Try it:
Transcribe the listing below in full, exactly, with no images.

Collected material:
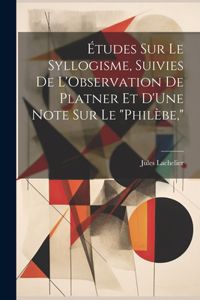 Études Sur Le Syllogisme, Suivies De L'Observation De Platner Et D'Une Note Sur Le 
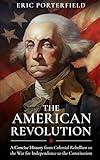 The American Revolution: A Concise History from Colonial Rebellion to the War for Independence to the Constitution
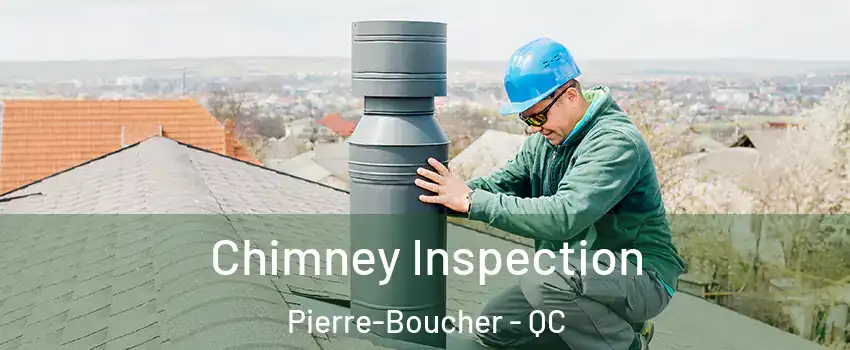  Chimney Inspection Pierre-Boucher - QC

Answer for the task:
 Études Sur Le Syllogisme, Suivies De L'Observation De Platner Et D'Une Note Sur Le 
 The American Revolution: A Concise History from Colonial Rebellion to the War for Independence to the Constitution
  Chimney Inspection Pierre-Boucher - QC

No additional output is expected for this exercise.